▶ [TO DO]: Output, exactly as written, the lines below from the one that has "Smok Joe LILLIPUTIENS" through the one that has "Pompier elfe de"; nothing else, and no pictures.

▶ [INFORMATION PROVIDED]:

%%

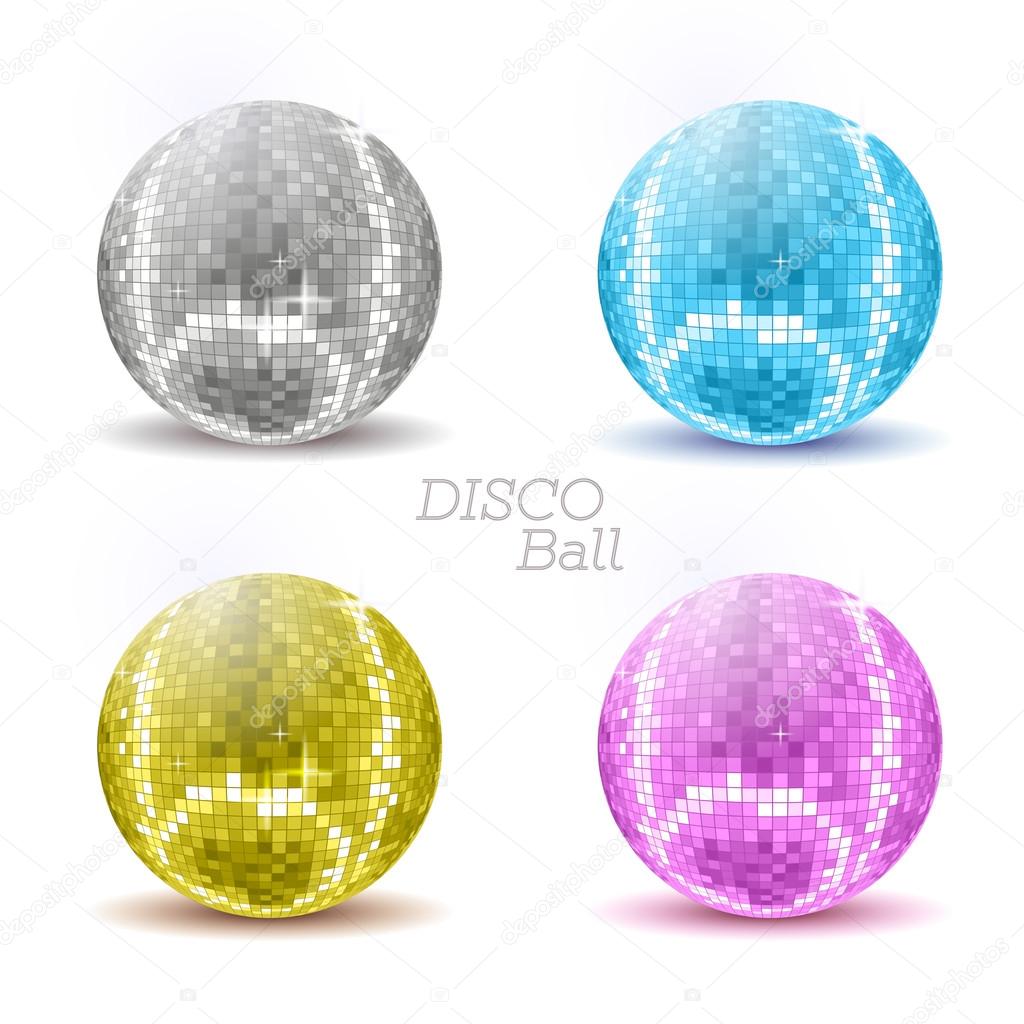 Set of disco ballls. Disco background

%%
%%

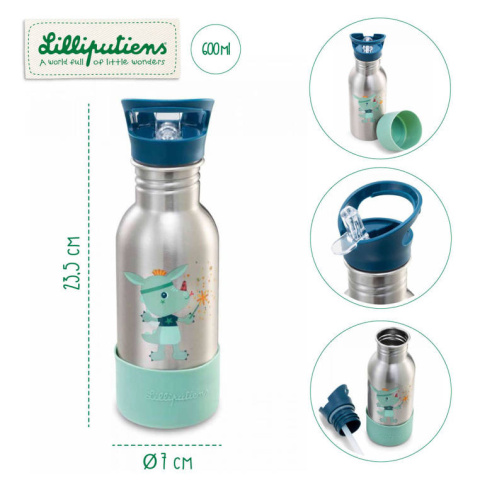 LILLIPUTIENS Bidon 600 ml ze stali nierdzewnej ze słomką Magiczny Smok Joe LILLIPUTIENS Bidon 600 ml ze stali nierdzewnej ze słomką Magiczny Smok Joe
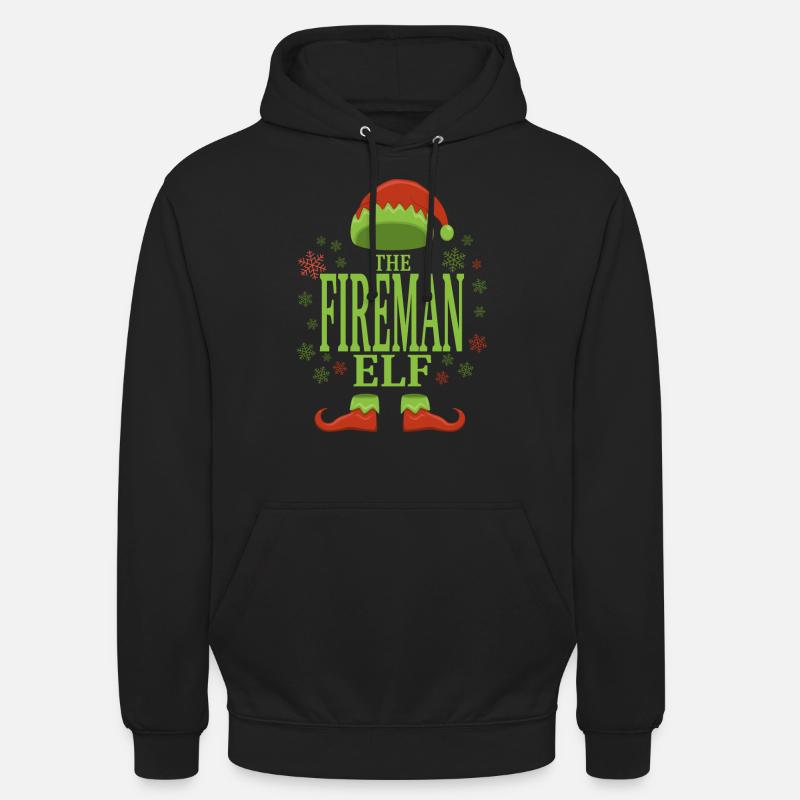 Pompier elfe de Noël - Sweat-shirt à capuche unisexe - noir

%%
%%

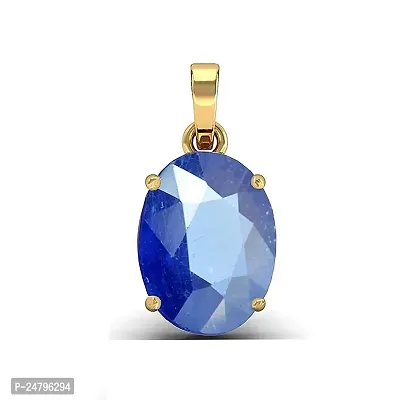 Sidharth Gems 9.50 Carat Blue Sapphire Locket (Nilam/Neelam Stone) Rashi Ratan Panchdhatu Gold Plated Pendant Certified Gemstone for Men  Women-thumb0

%%

▶ [RESPONSE TO THE TASK]:
 LILLIPUTIENS Bidon 600 ml ze stali nierdzewnej ze słomką Magiczny Smok Joe LILLIPUTIENS Bidon 600 ml ze stali nierdzewnej ze słomką Magiczny Smok Joe
 Pompier elfe de Noël - Sweat-shirt à capuche unisexe - noir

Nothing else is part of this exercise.